Answer
$1.2 \times 10^7\;\rm m/s$
Work Step by Step
Since the electric field is uniform inside the capacitor, the force exerted on the electron when it is moving between the plates is constant as well.
This means that the acceleration of the electron is constant.
According to Newton's second law, the acceleration of the electron is given by
$$\sum F_y=q_e E=m_ea_y$$
Thus,
$$a_y =\dfrac{q_e E}{m_e}\tag 1$$
The minimum initial speed $v_0$ the electron can have without hitting the negative plate means the maximum height of the electron is 2 cm (which is the distance between the two plates) from the postive plate.

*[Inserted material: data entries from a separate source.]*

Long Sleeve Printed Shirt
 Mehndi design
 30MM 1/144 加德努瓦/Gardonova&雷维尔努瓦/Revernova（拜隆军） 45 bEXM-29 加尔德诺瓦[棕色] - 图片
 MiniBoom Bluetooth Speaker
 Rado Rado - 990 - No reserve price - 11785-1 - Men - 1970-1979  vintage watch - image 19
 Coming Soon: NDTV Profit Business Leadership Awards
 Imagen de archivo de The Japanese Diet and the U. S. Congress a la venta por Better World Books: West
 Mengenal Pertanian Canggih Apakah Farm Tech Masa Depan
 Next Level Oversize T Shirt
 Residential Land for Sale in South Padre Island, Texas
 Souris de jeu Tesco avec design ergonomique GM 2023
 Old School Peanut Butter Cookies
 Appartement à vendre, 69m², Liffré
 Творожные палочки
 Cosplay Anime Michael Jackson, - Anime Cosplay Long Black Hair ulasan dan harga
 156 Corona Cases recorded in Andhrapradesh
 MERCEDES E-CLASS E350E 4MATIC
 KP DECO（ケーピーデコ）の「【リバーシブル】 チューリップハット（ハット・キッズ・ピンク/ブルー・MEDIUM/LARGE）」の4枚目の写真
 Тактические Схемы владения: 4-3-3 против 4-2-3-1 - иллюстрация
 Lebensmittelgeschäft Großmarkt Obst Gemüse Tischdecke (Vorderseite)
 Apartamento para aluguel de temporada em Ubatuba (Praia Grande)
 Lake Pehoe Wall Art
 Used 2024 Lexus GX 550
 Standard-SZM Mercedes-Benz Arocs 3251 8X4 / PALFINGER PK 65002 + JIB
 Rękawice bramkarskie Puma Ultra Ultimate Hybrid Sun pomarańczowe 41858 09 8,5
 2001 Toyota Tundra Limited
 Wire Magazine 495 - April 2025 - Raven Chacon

The maximum height of $h=0.02$ m occurs when $v_{fy}=0$ and the electron starts to fall back again toward the positive plate.
$$v_{fy}^2=v_{iy}^2-2a_y h$$
where $h$ is the distance between the two plates or the maximum height of the electron, and $v_{iy}=v_0\sin45^\circ$
$$0^2=v_0^2\sin^245^\circ-2a_y h$$
Hence,
$$ v_0 =\sqrt{\dfrac{2a_y h}{\sin^245^\circ}}$$
Plug from (1),
$$ v_0 =\sqrt{\dfrac{2 q_ehE}{\sin^245^\circ m_e}}$$
Plug the known;
$$ v_0 =\sqrt{\dfrac{2 (1.6\times 10^{-19})(0.02)(1\times 10^4)}{\sin^245^\circ (9.11\times 10^{-31})}}$$
$$v_0=\color{red}{\bf 1.2 \times 10^7}\;\rm m/s$$